> WORK REQUEST
Each line from the one containing "G&auml;ste sitzen an" through the last line of the data below should be printed exactly, please, with any pictures omitted.
#### DATA SHOWN ####
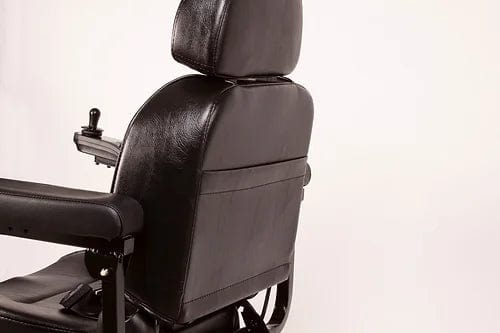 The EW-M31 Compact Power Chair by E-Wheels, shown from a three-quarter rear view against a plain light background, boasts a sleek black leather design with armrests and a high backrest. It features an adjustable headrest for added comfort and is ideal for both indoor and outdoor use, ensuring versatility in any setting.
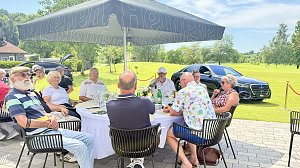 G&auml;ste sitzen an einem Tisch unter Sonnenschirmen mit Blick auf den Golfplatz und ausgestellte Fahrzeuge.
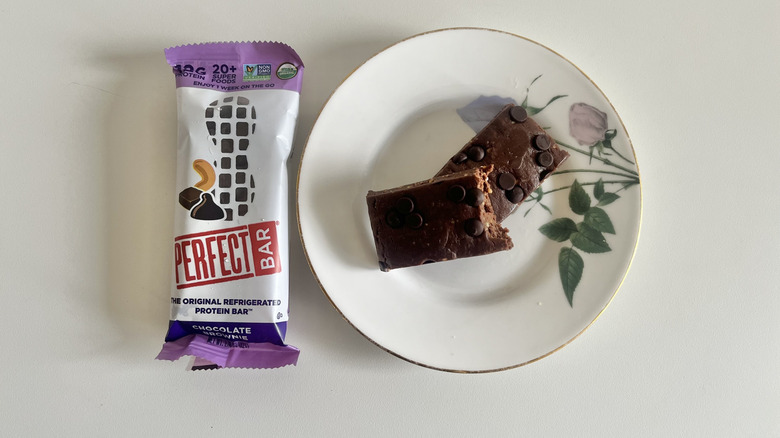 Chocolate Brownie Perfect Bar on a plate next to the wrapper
####
> RESULT OF THE EXERCISE
 G&auml;ste sitzen an einem Tisch unter Sonnenschirmen mit Blick auf den Golfplatz und ausgestellte Fahrzeuge.
 Chocolate Brownie Perfect Bar on a plate next to the wrapper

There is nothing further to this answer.